CMIは、日本-グアム便の旅客数が減少し、CMI成田ベース所属FAの担当すべき業務自体が大きく減少する中で、業務量に応じた効率的な人員体制とするため、CMIが成田ベースを閉鎖すると決断し、平成28年(2016年)2月4日、X5組合との団体交渉において、成田ベースの閉鎖を発表した。CMIは、同年4月末頃、X1~X4らに対し、同年5月31日付けで解雇する(以下、「本件解雇」という。)旨の通知をした。なお、同日付けで、成田ベース所属の8名も解雇されており、同ベースの閉鎖に伴って解雇された同ベース所属FAは合計12名である。
なお、甲事件の被告は、当初はCMIであったが、Y社が、訴訟係属中にCMIを吸収合併し、訴訟承継をした。 - 主文
- 1 原告らの請求をいずれも棄却する
2 訴訟費用は原告らの負担とする。 - 判決要旨
- 1 本件解雇の有効性について
(1)判断の枠組み(CMI単体か、Y社グループ全体か。)
CMIと、本件合併前の旧UAは別個の会社であるから、本件解雇の効力を判断するに当たっては、CMIのFAであるXらの使用者がCMIであることを前提として、CMI単体で、人員削減の必要性、解雇回避努力、被解雇者選定の合理性及び解雇手続の相当性の存否及びその程度等の諸事情を総合考慮して、本件解雇が客観的に合理的な理由があるか否か、社会通念上相当として是認できるか否か(労働契約法16条)を検討するのが相当である。
(2)人員削減の必要性
CMIのグアム-成田路線の旅客数も減少の一途をたどり、それによって同路線の使用機材3便合計の乗客座席数が減少し、同路線に乗務するCMIのFAの業務量が大きく減少したものであり、上記の事実経過に照らせば、本件解雇の時点において、同FAの業務量の回復を見込むことはできなかったというべきである。

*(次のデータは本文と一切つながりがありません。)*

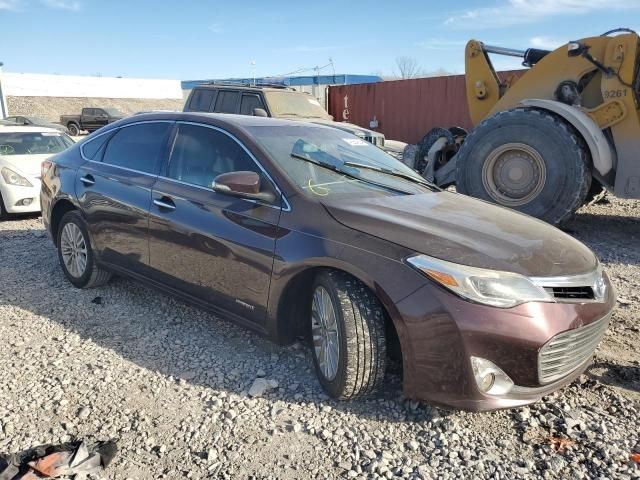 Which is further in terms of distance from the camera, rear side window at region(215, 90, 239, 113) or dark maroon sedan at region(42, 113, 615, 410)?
rear side window at region(215, 90, 239, 113)

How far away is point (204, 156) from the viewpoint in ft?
12.1

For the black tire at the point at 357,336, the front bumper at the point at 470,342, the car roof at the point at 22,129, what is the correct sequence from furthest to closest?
1. the car roof at the point at 22,129
2. the black tire at the point at 357,336
3. the front bumper at the point at 470,342

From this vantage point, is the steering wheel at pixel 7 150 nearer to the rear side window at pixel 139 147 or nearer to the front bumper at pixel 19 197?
the front bumper at pixel 19 197

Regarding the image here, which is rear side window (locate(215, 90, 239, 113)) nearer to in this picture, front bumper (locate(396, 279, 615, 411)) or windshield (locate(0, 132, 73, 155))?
windshield (locate(0, 132, 73, 155))

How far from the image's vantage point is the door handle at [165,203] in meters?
3.66

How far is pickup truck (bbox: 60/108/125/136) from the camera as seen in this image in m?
29.6

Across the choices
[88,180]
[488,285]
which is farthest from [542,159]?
[88,180]

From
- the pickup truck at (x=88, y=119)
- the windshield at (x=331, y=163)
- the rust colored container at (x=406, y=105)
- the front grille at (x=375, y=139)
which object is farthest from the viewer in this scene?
the pickup truck at (x=88, y=119)

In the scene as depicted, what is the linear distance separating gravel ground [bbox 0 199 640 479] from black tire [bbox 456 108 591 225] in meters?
2.43

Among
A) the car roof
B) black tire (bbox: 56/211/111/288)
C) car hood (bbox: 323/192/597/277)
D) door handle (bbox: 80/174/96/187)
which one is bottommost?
black tire (bbox: 56/211/111/288)

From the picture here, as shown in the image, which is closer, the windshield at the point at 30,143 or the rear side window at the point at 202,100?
the windshield at the point at 30,143

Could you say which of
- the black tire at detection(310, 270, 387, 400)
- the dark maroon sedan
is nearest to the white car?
the dark maroon sedan

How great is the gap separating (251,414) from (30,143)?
25.4 ft

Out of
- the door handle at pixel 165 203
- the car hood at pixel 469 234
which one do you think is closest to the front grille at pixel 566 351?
the car hood at pixel 469 234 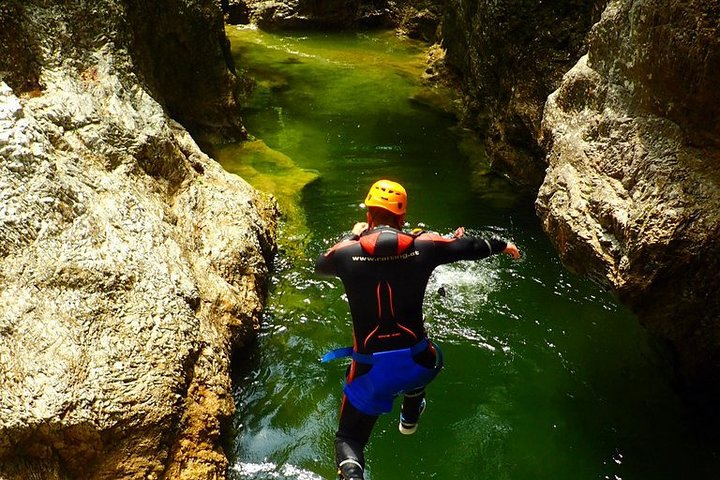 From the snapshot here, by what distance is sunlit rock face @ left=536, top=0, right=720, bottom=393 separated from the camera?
12.3ft

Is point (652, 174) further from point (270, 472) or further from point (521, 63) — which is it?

成田ベース所属FAは、実際の乗務時間が最低保証基本給で前提とされている搭乗時間よりも相当短時間となっており、しかも搭乗時間の増加が見込まれなかったことは前判示のとおりであるから、CMIとしては、FAとしての基本給を支払うこと自体が成田ベース所属FAの労務提供の量と比較して見合っておらず、その意味で同FAの存在が高コスト要因となっていたところ、成田空港をベースとするFAという勤務形態を廃止し、グアムベース所属FAに機内サービス業務を全て担当させることにより、結果的に約10万ドルを超えるコスト削減が可能となることからすれば、当該勤務形態の従業員である成田ベース所属FAについて、成田ベースを閉鎖してFA業務の担当から外すという意味で人員を削減する高度の必要性があったと認められる。
(3)解雇回避措置の相当性
CMIは、平成28年(2016年)2月4日、X5組合との団体交渉において成田ベースの閉鎖を表明した後、本件解雇までの約4か月の間に、退職金に加えて特別退職金を最終的に20か月分加算して支払うという条件での早期退職の提案や、FAとしての年収水準を維持した上での地上職への配置転換を提案しており、これらは、CMIが、本件解雇に先立って、相当に手厚い解雇回避努力を尽くしたものと評価することができる。
(4)被解雇者選定の合理性
被解雇者の選定については、成田ベースが廃止され、CMIの他の唯一のベースであるグアムベースへの配転可能性がなく、CMI成田ベース所属FA全員がFAとして職種限定の合意をしていた以上、成田ベース所属FAのうち希望退職や地上職への転換に応じない者の全員が解雇の対象となるところ、本件解雇は上記の全員についてされたものであるから、選定に不合理な点は見当たらない。
(5)解雇手続の相当性
CMIは、平成28年(2016年)2月4日の団体交渉において、Xらに対して成田ベースの閉鎖を通知し、その後の団体交渉を通じて、成田ベースの廃止に至る諸事情の説明や、早期退職又は同一年収水準での雇用維持につき提案及び説明を行ったこと、Xらは、上記団体交渉において、成田ベースを維持することができ、仮に成田ベースがなくとも同ベース所属FAはFAとして業務に従事することができるから、早期退職や地上職転換の選択肢はあり得ないとの見解から譲歩しなかったため、CMIは団体交渉を打ち切った経緯が認められる。このようなCMIとX5組合との交渉経過やX1~X4らに対する説明等を踏まえても、CMIの交渉態度等に不誠実な点は見当たらず、CMIが交渉を打ち切った時期を含めて、Xらに対する説明等が不相当であったことをうかがわせるに足りる証拠はない。
(6)国籍差別、組合差別の有無
本件解雇の効力発生後、統一労働協約の締結直前までの間、UA及びCMIとAFAとの間で、統一労働協約を巡り対立していたことが認められる。CMIが、X5組合に成田ベースの閉鎖を通告した平成28年(2016年)2月4日までにAFA労働協約にフォーリンナショナル条項が含まれることを知っていたとするXらの主張事実を認めることはできず、他にこれを認めるに足りる証拠はない。そうすると、AFA労働協約締結前に日本人であるX1~X4らのFAの地位を剥脱する必要があったため、X1~X4らを解雇したとするXらの主張は失当である。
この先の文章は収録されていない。